First stop was Belo Horizonte, aka BH, pronounced Beagá (still struggling to grasp Portuguese sounds!)
We arrived just as the famous Mercado Central was opening – the perfect place for breakfast. We also stocked up on picnic supplies: an enormous, ripe avocado large enough to feed a family, local cheese similar to feta and fresh bread made a memorable feast “to go”.
We decided to leave the caged live animals for sale behind (everything from mice, rabbits, chinchillas to geese and ducks – I’ve never seen or heard anything like it!)

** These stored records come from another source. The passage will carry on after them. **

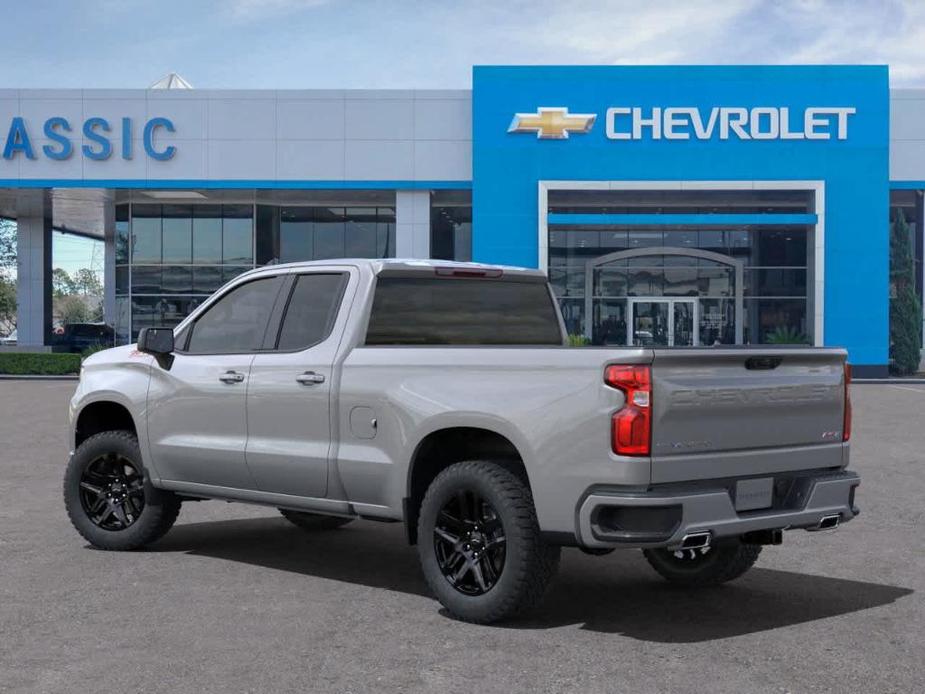 new 2024 Chevrolet Silverado 1500 car, priced at $53,815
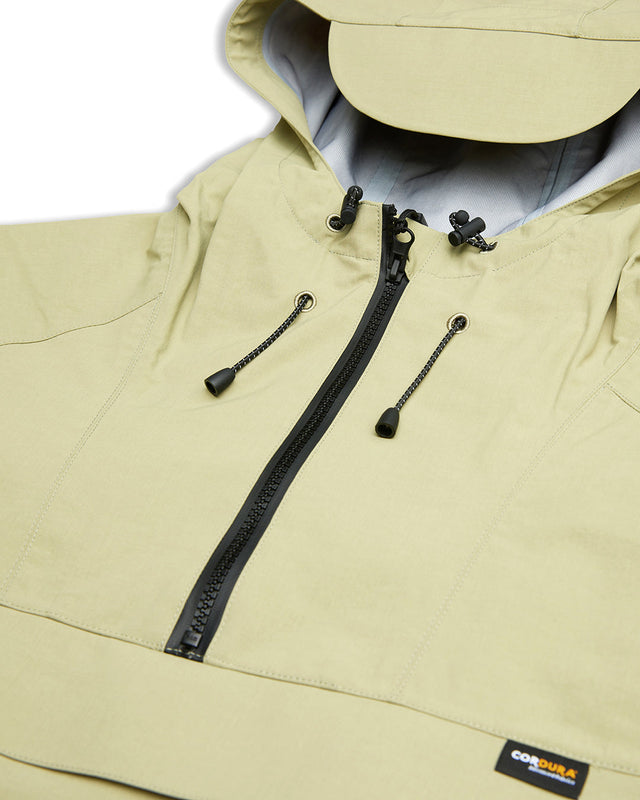 Riptide Smock Jacket - Sage Green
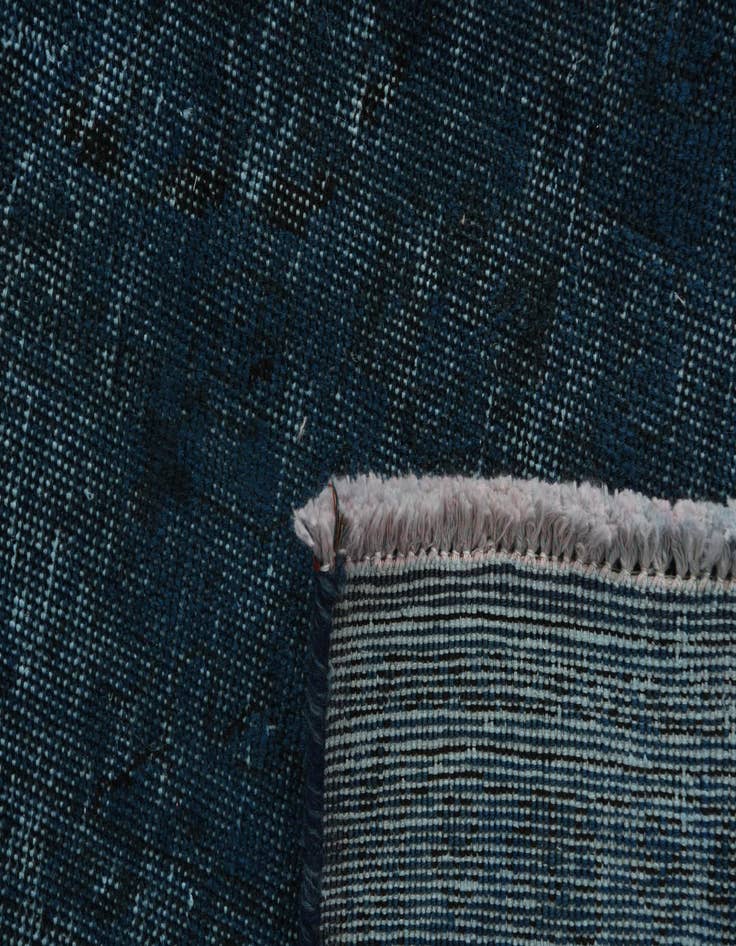 Detail image of  9' 8 x 12' 7  Hand Knotted Ultra Vintage Persian Wool Rug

BH is the bar and cachaça capital of the whole of Brazil. We remained sober as we were only there for one morning and afternoon, keen to continue on to the photogenic Ouro Preto.
Ouro Preto couldn’t have been more different from the sprawling concrete jungle of BH: hugged by verdant mountains, the town itself is all steep cobbled streets, multicoloured buildings, broad piazzas and stunning baroque churches.
Many of the façades were carved by Aleijadinho, known as Brazil’s Michelangelo. (Mark keeps calling him Ahmadinejad…)
After a couple of days exploring, our legs and knees were almost as shattered as after the “bootcamp” trekking experience in Chapada Diamantina. Ouro Preto’s streets are so steep and the cobbles so ragged and uneven, walking around is like an extreme sport!
Luckily there were many opportunities to recuperate with some of the region’s renowned food and drink. “Comida mineira”, or cuisine from Minas, is very hearty and flavourful, designed to keep hard working miners going strong.
One of the best rodizios we’ve experienced in Brazil was at Cháfariz in Ouro Preto, where we sampled classic regional dishes including tutu de feijão (raw beans mashed to a paste with manioc flour and then cooked), frango com quiabo (a yummy chicken and okra casserole), pork ribs and sausage, corn, traditional cheeses and much more. All washed down with cachaça of course!
We had heard that Tiradentes was a charming, peaceful place that also happened to be a foodie hotspot. What better place to head for my birthday…
We had a lovely couple of days strolling around the small, quaint village. Conversely, many of the shops must cater for people who own enormous mansions – we saw all sorts of blingy, ostentatious “objets” such as a carved wooden lion bigger than our whole flat in London.
As a birthday treat we booked a table at Tragaluz, which had been billed as the best restaurant in town. We had a really enjoyable evening; the food was decent but not quite the extravaganza we had hoped for. The one course worth writing about was dessert: dried guava rolled in cashews, fried in butter and served with creamy catupiry cheese and guava ice cream. In fairness I would return just to eat that again.
From Minas Gerais it was a relatively short bus to our next destination, São Paulo: just 8 hours. The sheer scale of South America has quickly altered our dainty English views about what constitutes a long journey!